All might not be completely lost, however. Thanks to a relatively new initiative called carbon trading, we now have the option of paying to offset our emissions. This is something that originally started through allowances in the Kyoto Protocol, the amendment to the international treaty on climate change that limits each country’s greenhouse gas emissions, whereby a nation that is struggling to curb its emissions can buy credits from ones that have been more successful.
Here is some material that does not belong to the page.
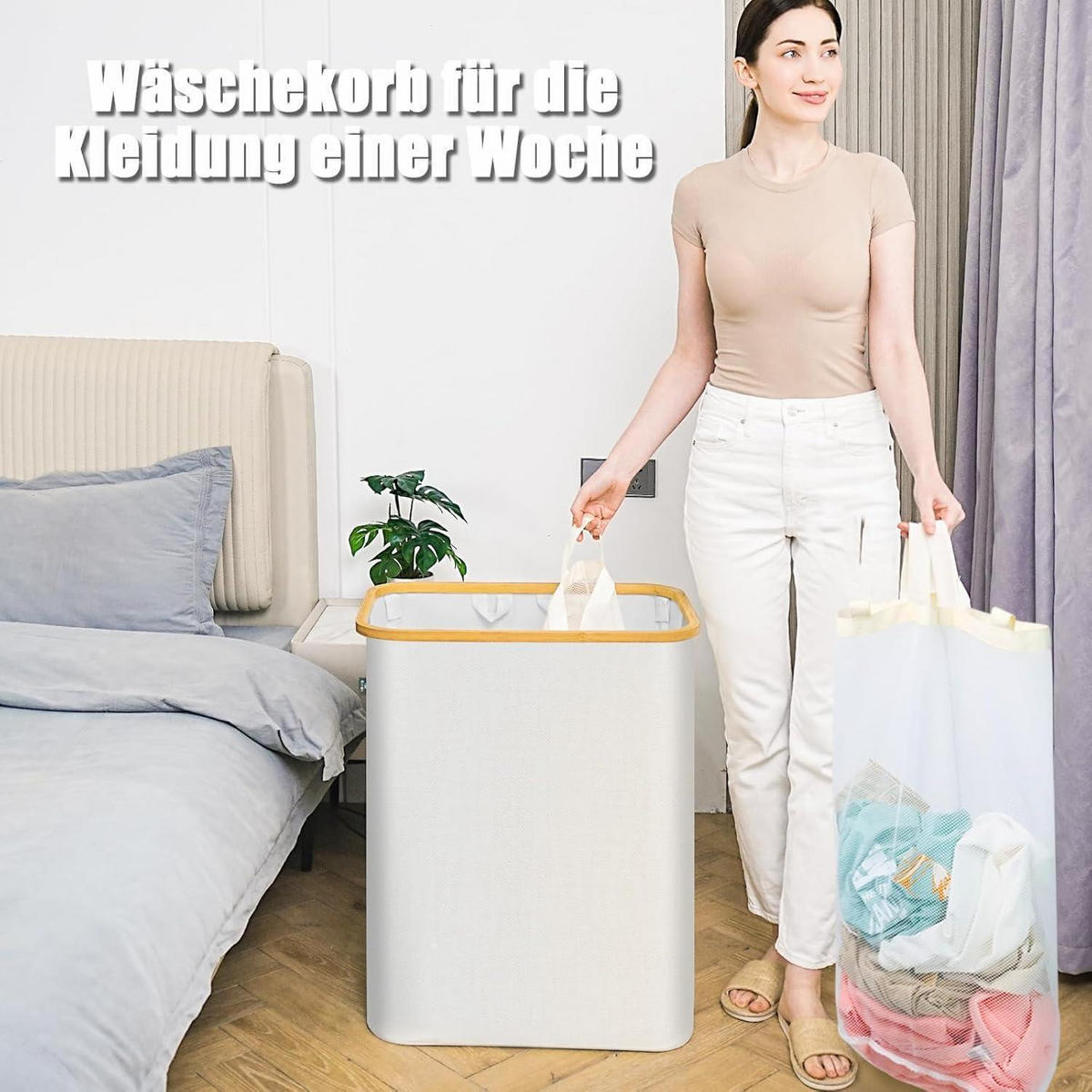 WÄSCHEKORB mit Deckel 145L 3 Fächer Beige - Beige, Textil (37/69/57cm)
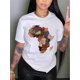 thumbnail image 1 of Women'S African-Inspired Graphic T-Shirt, Polyester 95% Elastane 5%, Casual Crew Neck Short Sleeve Top, Summer & Spring Fashion, Black & White Options, 1 of 6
Carbon trading has now evolved into a huge global business allowing pretty much anyone to join in. Organisations such as Ecosecurities and Carbonfund have been set up, the numbers have been crunched, and trading practices have been put in place. To offset your flight, all you need to do is enter your trip details into one of the many preprogrammed calculators, and you’re told how many miles your trip will be, how many tonnes of carbon dioxide it will produce, and how much cash you’ll need to invest in an Amazonian rainforest project (or similar) to make it all better.
It sounds good on paper, but the initiatives attract criticism. Some environmentalists are up in arms, because they say we’ll all develop a ‘pay-to-pollute’ mentality, and that it’ll discourage us from cutting back in other areas of our lives. Other detractors are concerned that there’s currently no way to effectively monitor the projects, such as tree planting, and that the market lacks transparency, which leaves it wide open to fraud and corruption.
The good news is that airlines are also working on environmental schemes. ‘We have an online facility where passengers can trade in their frequent flyer miles and offset them for carbon emissions,’ a spokesperson from Etihad was able to tell us. ‘It’s something that is important to us, and we will get more into it.’
At the end of the day, it’s up to you. If you’re interested in carbon offsetting, the first thing to do is make sure that the company or organisation you use is reputable and that the project that they will invest your money in is sustainable. And don’t forget the day-to-day things – like switching off unused lights and appliances while you’re out of the house. Every little bit helps.